Im Epizentrum des Kummers

Holocaust-Gedenken am Raoul Wallenberg Square in Stockholm, Aufnahme vom 27. Januar 2013
Holocaust-Gedenken am Raoul Wallenberg Square in Stockholm, Aufnahme vom 27. Januar 2013 © picture alliance / dpa
Von Carsten Hueck · 14.05.2014
Otto Ullmann ist 13, als ihn seine Eltern 1939 in einen Zug setzen, der ihn mit etwa hundert anderen Kindern an die Ostsee und von dort nach Schweden bringt, wo er den Krieg überlebt. Per Post hält er Kontakt mit den Eltern – der letzte Brief kommt aus Theresienstadt.
Unter welchen Umständen überlebt ein junger Jude aus Wien in Schweden den Holocaust? In ihrem Buch erzählt die schwedische Journalistin und Autorin Elisabeth Asbrink die Geschichte von Otto Ullmann und weist damit unaufdringlich auch auf die Frage jüdischer Identität hin.
Otto Ullmann ist 13, als ihn seine Eltern 1939 in einen Zug setzen, der ihn mit etwa hundert anderen Kindern an die Ostsee bringt. Von dort gelangt er mit einer Fähre nach Schweden. Organisiert hat diese Reise - man könnte auch sagen Flucht oder Rettung – die in Wien ansässige "Schwedische Israelmission", eine christliche Vereinigung, die vor allem getaufte Juden wieder auf den rechten Pfad des Glaubens zurückbringen möchte.
Mit den Eltern der Kinder und den schwedischen Behörden ist vereinbart, dass deren Aufenthalt im Land vorübergehend sein wird. Denn wie alle anderen europäischen Länder, unterbindet auch das als liberal geltende skandinavische Land in dieser Zeit die Einwanderung verfolgter Juden aus dem Deutschen Reich.
Nach Stationen im Kinderheim arbeitet Otto, das bürgerliche Großstadtkind, gewöhnt an Opern,-Kino- und Konzertbesuche, als billige Arbeitskraft in der Forstwirtschaft und auf verschiedenen Bauernhöfen. Während in Wien seine Eltern immer stärker drangsaliert werden, geht es ihm, trotz Heimweh, vergleichsweise gut. Er arbeitet, bekommt genug zu essen, findet Freunde.
Das beste schwedische Buch des vergangenen Jahres
Über fünf Jahre hinweg hält Otto per Post mit seinen Eltern Kontakt. Was mit ihnen geschieht und wie es ihnen geht, erklärt sich nur aus vereinzelten Andeutungen. Sorge um den Sohn und seine Entwicklung stehen im Vordergrund.
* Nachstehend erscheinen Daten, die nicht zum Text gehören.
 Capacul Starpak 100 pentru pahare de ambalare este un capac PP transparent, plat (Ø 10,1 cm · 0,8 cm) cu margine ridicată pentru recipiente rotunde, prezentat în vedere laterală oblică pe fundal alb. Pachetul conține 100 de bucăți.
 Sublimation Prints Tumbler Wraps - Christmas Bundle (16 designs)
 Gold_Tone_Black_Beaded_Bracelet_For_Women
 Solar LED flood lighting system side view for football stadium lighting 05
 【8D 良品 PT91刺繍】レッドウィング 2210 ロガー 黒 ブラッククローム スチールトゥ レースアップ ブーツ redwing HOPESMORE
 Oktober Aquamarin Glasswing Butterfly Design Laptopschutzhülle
Wie auf dem Weg zur Vernichtung die familiäre Etikette aufrechterhalten wird, ist beklemmend. Der Leser ahnt, dass Otto hilflos in ein "Epizentrum des Kummers" geblickt haben muss.
Fünfhundert Briefe gelangen nach Schweden, der letzte im August 1944. Absender ist Ottos Mutter, ihre Adresse: Theresienstadt. Wenige Wochen später wird sie nach Auschwitz deportiert. Während dieser Zeit hat sich Otto mit Ingvar Kamprad angefreundet. Er stammt aus einer sudetendeutschen Familie und ist bei der Polizei als Aktivist der schwedischen Nationalsozialisten bekannt. Später wird er IKEA gründen, und Otto wird ihm dabei helfen.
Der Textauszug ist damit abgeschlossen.